### Assigned task
The listing is to be returned word for word, without its images.

### Information shown
::::::::

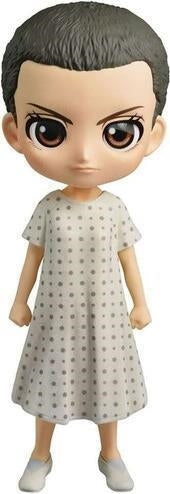 Stranger Things: Banpresto - Q Posket - Eleven Vol.4 Statue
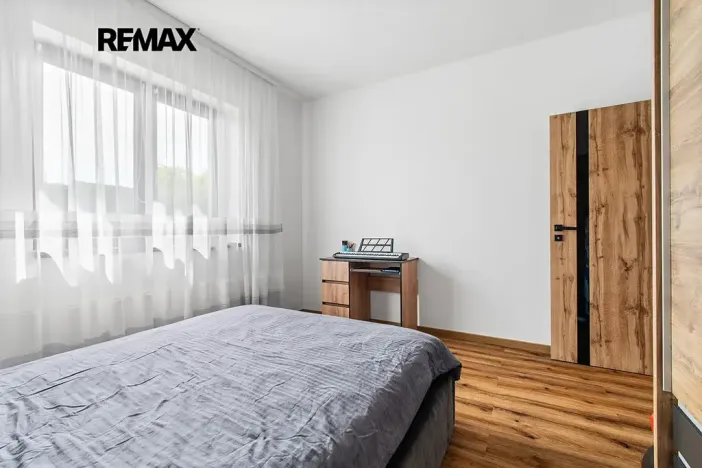 Prodej rodinného domu, Všeruby, 143 m2
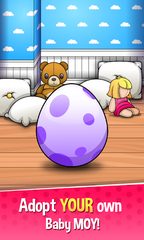 Screenshot 21: Moy 5 - Virtual Pet Game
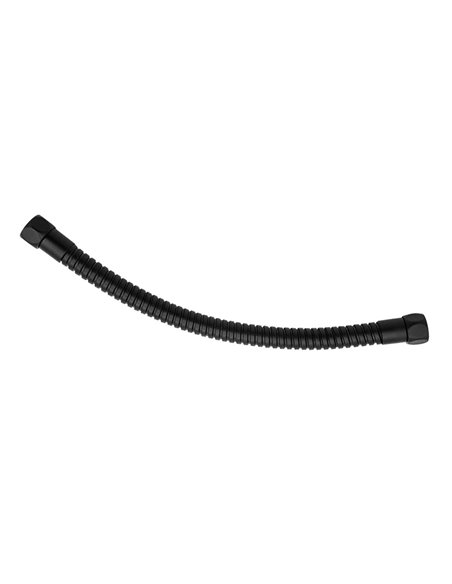 Latiguillo flexible ORFESA H-H 3/8" Serie Lujo Longitud 30 CM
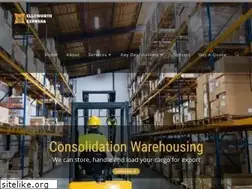 Sites similar to ellcworth.com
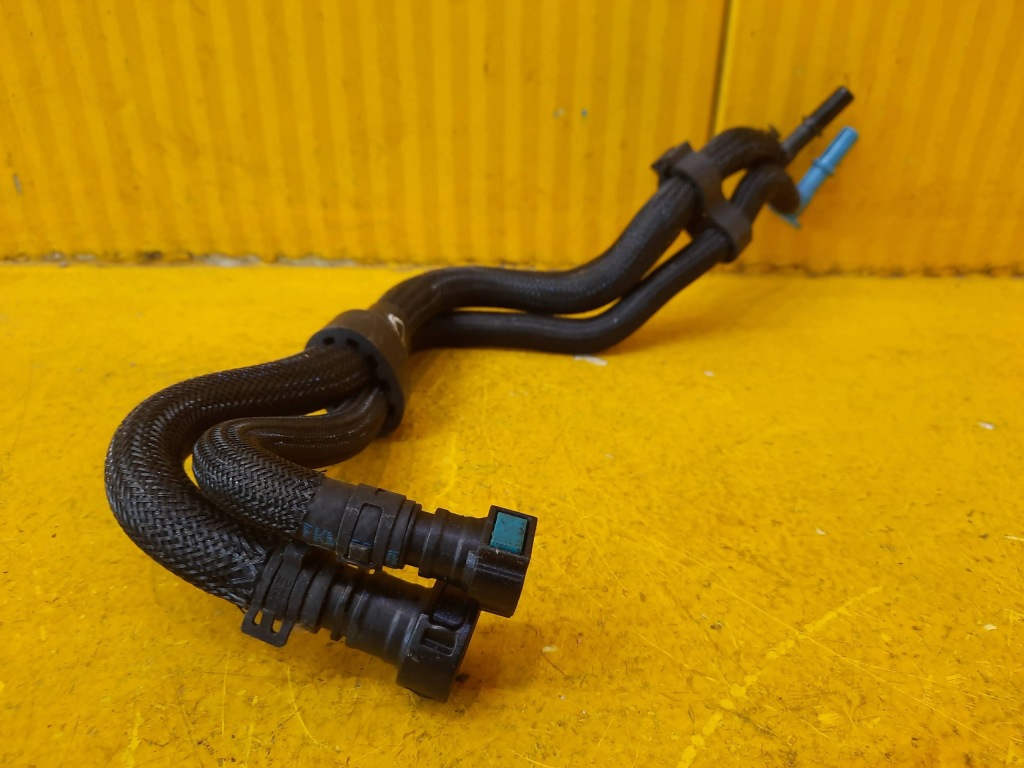 фото №1, Bmw 3 g20 g21 2.0d труба wąż пального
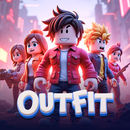Robo Outfit Skins & Clothes APK
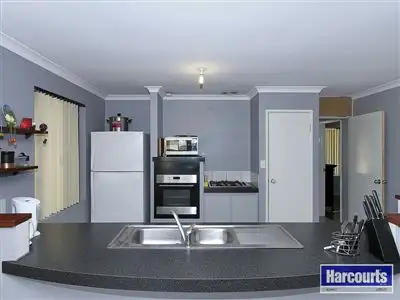 Fourth view of Homely house listing, 33 Monaltrie Loop, Carramar WA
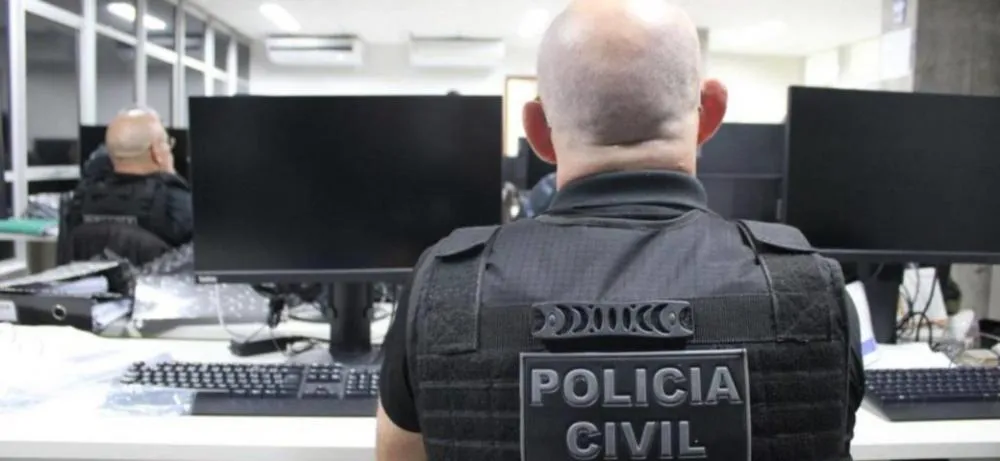 Polícia Civil recupera R$ 13,5 mil desviados de conta bancária em Feira de Santana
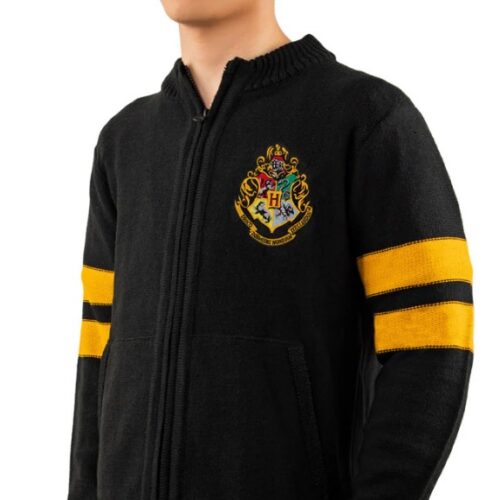 Cárdigan Hogwarts talla L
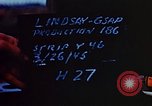 Image of German ME 109 aircraft Germany, 1945, second 4 stock footage video 65675051907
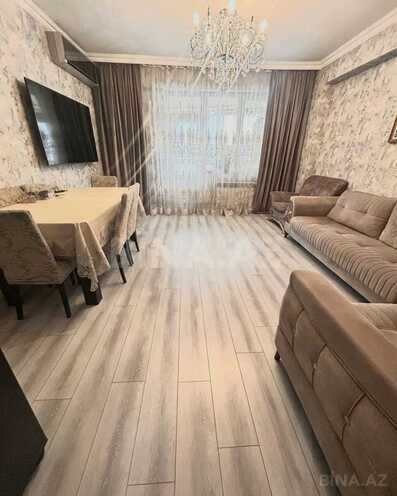 Продаётся 3-комн. новостройка 103 м², пос. Бакиханова, photo 1 from 15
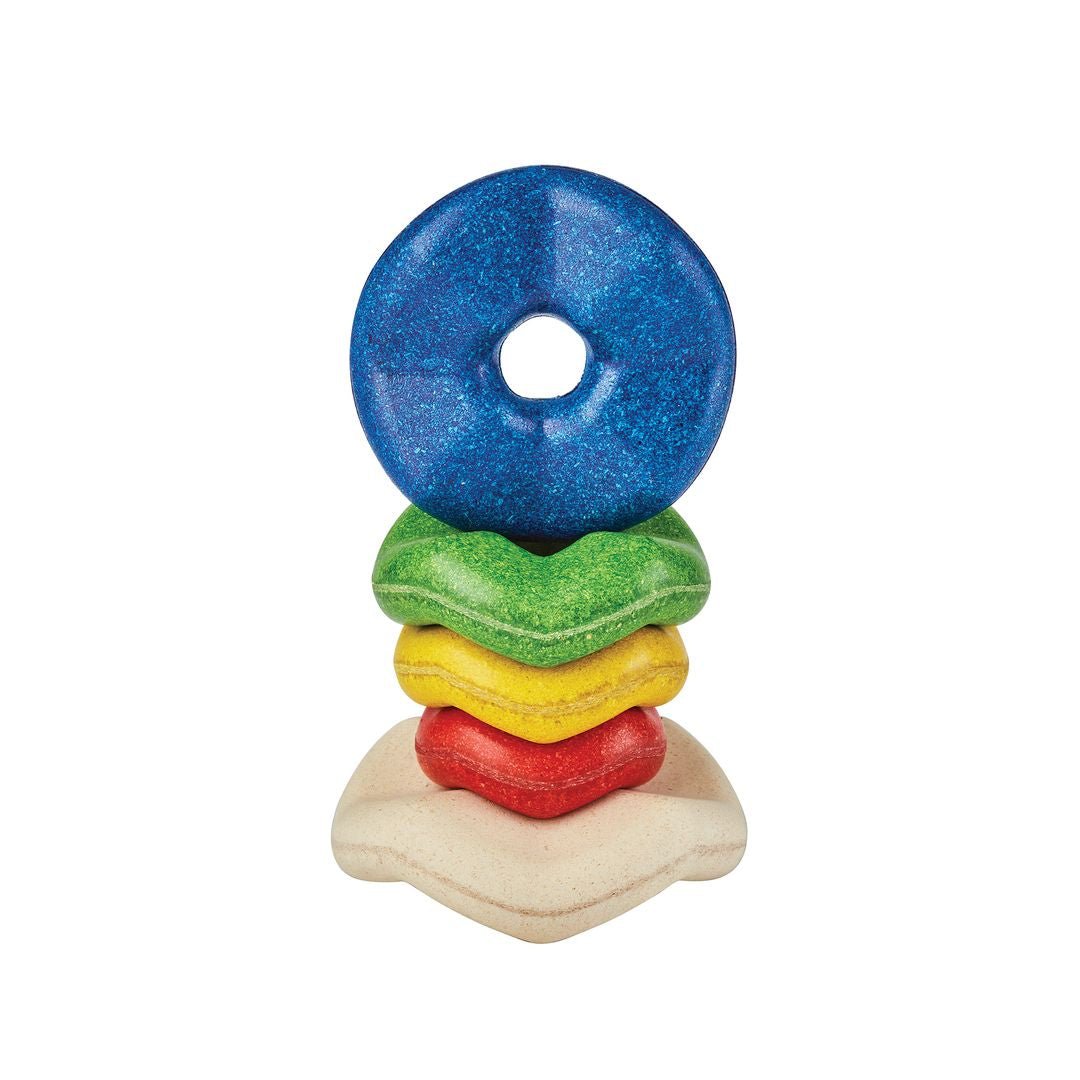 Wave Stacker - The Nurturing Nook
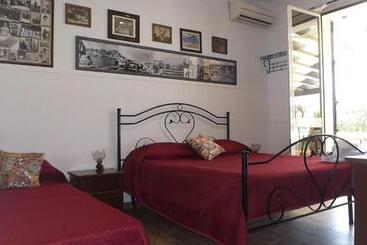 住宿加早餐  Beb Nonno Baffo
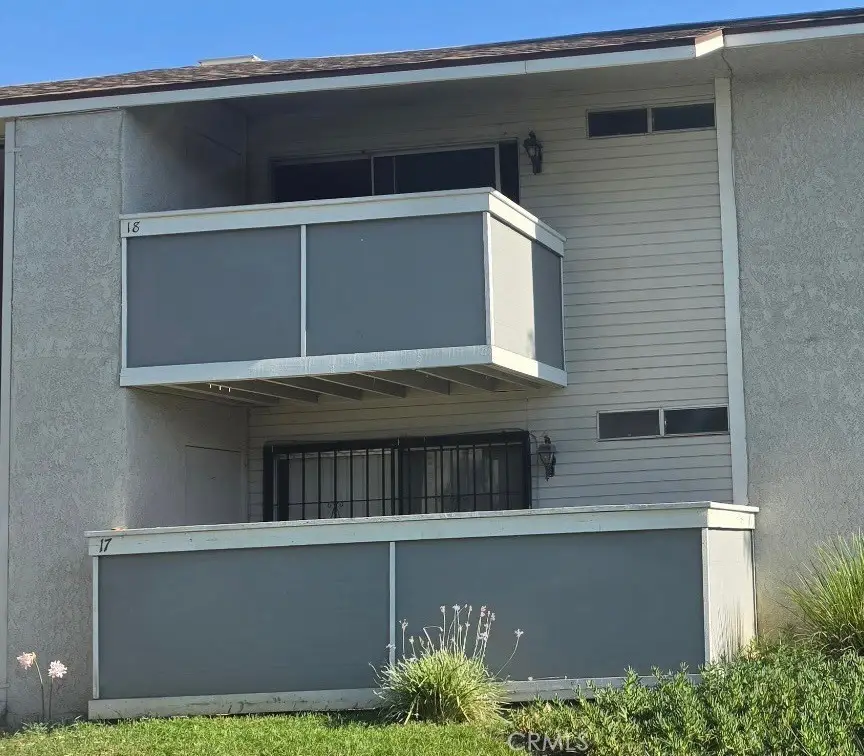 26200 Redlands Blvd. #18, Redlands, CA 92373 - #1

::::::::

### Answer to the exercise
 Stranger Things: Banpresto - Q Posket - Eleven Vol.4 Statue
 Prodej rodinného domu, Všeruby, 143 m2
 Screenshot 21: Moy 5 - Virtual Pet Game
 Latiguillo flexible ORFESA H-H 3/8" Serie Lujo Longitud 30 CM
 Sites similar to ellcworth.com
 фото №1, Bmw 3 g20 g21 2.0d труба wąż пального
Robo Outfit Skins & Clothes APK
 Fourth view of Homely house listing, 33 Monaltrie Loop, Carramar WA
 Polícia Civil recupera R$ 13,5 mil desviados de conta bancária em Feira de Santana
 Cárdigan Hogwarts talla L
 Image of German ME 109 aircraft Germany, 1945, second 4 stock footage video 65675051907
 Продаётся 3-комн. новостройка 103 м², пос. Бакиханова, photo 1 from 15
 Wave Stacker - The Nurturing Nook
 住宿加早餐  Beb Nonno Baffo
 26200 Redlands Blvd. #18, Redlands, CA 92373 - #1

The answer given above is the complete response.